Flint Crisis Proved Danger of Taking Clean Water for Granted

3 minute read

Clean water is as vital to the nation as roads and bridges, but it’s a piece of infrastructure Americans tend to take for granted–until something goes wrong. The latest reminder came in the form of the water crisis in Flint, Mich., in 2015, during which thousands of residents were exposed to lead and other dangerous toxins. Plenty of cities rely on an aging network of lead pipes, however. The disaster in Flint emerged only after officials failed to properly treat the water supply itself.

While Flint may be a tragic outlier, water- and wastewater-treatment systems across the nation are far beyond their expiration dates and failing. East Coast cities like Philadelphia and Newark, N.J., routinely struggle with water-main breaks that disrupt the local economy, snarl traffic and leave residents without potable water. Regions in farm-heavy states like Iowa are grappling with how to prevent fertilizer runoff from leaching into municipal water supplies. And on the West Coast, states are staring down a future that could include both droughts and floods.

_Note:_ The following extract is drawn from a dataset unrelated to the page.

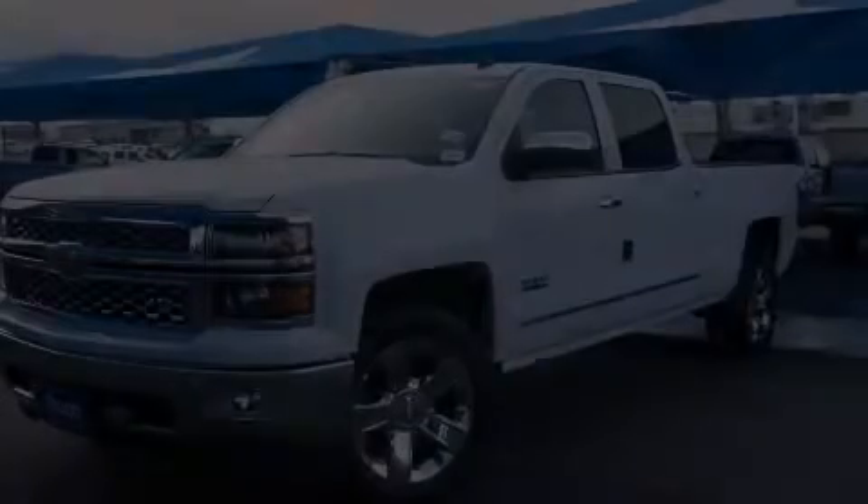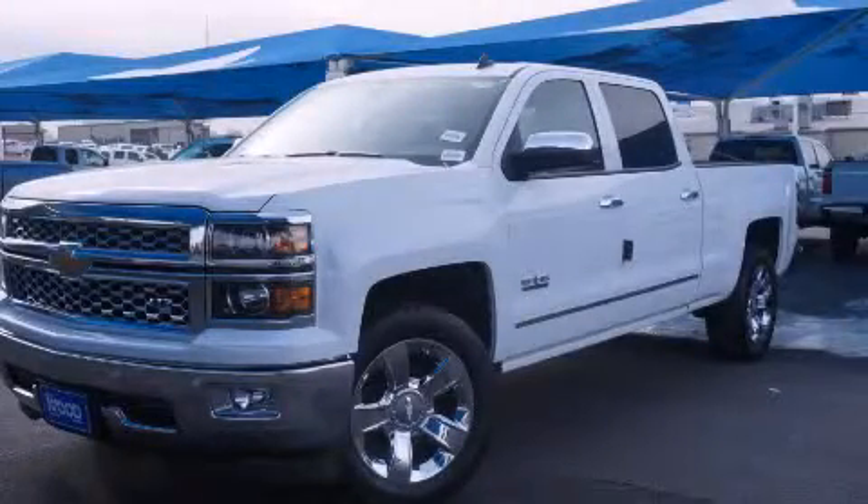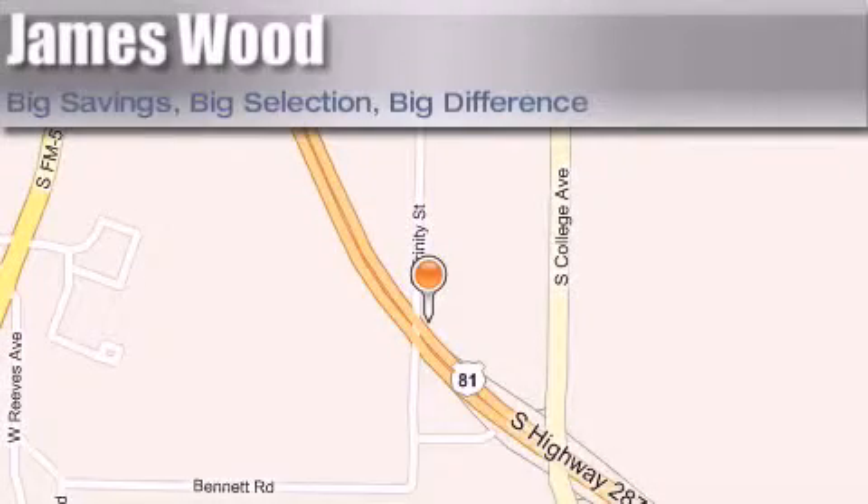Contact us today to arrange your test drive. James Wood Motors is located at 2111 US Highway 287 South in Decatur. Our goal is to exceed all of your expectations to ensure that you'll return for future visits.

The Association of Metropolitan Water Agencies estimates that it would take more than $600 billion to properly fund dozens of water and wastewater projects across the U.S., including rehabbing existing systems and building new ones. The most urgent project may be in Miami-Dade County, Florida, where rising sea levels threaten to flood the 50-year-old wastewater systems that are already prone to large-scale breaks. Fixing the facilities, including replacing a treatment plant that dates from 1924, could cost as much as $13.5 billion.

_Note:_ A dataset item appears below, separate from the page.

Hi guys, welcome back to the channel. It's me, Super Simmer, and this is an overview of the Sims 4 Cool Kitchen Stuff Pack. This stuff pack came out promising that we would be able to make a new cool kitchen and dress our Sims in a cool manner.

Miami’s troubled system has plenty of company. Baltimore is still using a water-treatment plant that is more than 100 years old. In the Rust Belt, a region that tipped the Electoral College to Donald Trump, cities like Harrisburg, Pa., and Detroit need upgrades to sewer collection systems and treatment plants in order to stop sewage from overflowing during heavy rainstorms.

Others are dealing with an unpredictable climate. In Northern California, officials are trying to build a $3.5 billion reservoir project to provide water stability during both wet and dry years.

Nationwide, more than 100 cities are under federal or state environmental mandates to upgrade their water systems, but many lack both the funding and the political will for projects that are never glamorous and sometimes not even visible.

“It’s very hard to have a ribbon-cutting ceremony for a sewer,” says Adam Krantz of the National Association of Clean Water Agencies. Fixing the nation’s water systems demands finding a way.